** Material shown **
[Start of Attachment]

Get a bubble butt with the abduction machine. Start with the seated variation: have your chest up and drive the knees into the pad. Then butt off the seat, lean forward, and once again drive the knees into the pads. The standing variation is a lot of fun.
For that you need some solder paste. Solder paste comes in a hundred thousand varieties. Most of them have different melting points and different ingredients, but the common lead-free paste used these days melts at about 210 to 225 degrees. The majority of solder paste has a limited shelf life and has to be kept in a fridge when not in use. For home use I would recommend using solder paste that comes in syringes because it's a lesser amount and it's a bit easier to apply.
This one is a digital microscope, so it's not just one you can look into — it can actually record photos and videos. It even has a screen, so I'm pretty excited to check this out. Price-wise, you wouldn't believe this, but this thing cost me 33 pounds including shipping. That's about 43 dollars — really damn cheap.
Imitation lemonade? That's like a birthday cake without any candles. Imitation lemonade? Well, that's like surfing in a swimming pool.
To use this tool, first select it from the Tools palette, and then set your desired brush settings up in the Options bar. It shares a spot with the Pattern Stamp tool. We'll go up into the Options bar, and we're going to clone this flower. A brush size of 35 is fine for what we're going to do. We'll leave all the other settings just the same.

[End of Attachment]
[Start of Attachment]

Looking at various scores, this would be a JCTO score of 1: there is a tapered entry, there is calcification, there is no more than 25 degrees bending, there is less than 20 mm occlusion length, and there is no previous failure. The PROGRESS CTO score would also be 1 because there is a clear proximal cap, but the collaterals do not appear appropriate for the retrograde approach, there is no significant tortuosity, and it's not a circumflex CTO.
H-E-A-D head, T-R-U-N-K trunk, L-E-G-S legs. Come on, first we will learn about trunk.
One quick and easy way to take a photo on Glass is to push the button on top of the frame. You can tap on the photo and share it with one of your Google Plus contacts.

[End of Attachment]

** Required work **
All lines above from the line with "Get a bubble" through the line with "To use this", both included, are to be set down exactly, with nothing else.

** Solution for this problem **
Get a bubble butt with the abduction machine. Start with the seated variation: have your chest up and drive the knees into the pad. Then butt off the seat, lean forward, and once again drive the knees into the pads. The standing variation is a lot of fun.
For that you need some solder paste. Solder paste comes in a hundred thousand varieties. Most of them have different melting points and different ingredients, but the common lead-free paste used these days melts at about 210 to 225 degrees. The majority of solder paste has a limited shelf life and has to be kept in a fridge when not in use. For home use I would recommend using solder paste that comes in syringes because it's a lesser amount and it's a bit easier to apply.
This one is a digital microscope, so it's not just one you can look into — it can actually record photos and videos. It even has a screen, so I'm pretty excited to check this out. Price-wise, you wouldn't believe this, but this thing cost me 33 pounds including shipping. That's about 43 dollars — really damn cheap.
Imitation lemonade? That's like a birthday cake without any candles. Imitation lemonade? Well, that's like surfing in a swimming pool.
To use this tool, first select it from the Tools palette, and then set your desired brush settings up in the Options bar. It shares a spot with the Pattern Stamp tool. We'll go up into the Options bar, and we're going to clone this flower. A brush size of 35 is fine for what we're going to do. We'll leave all the other settings just the same.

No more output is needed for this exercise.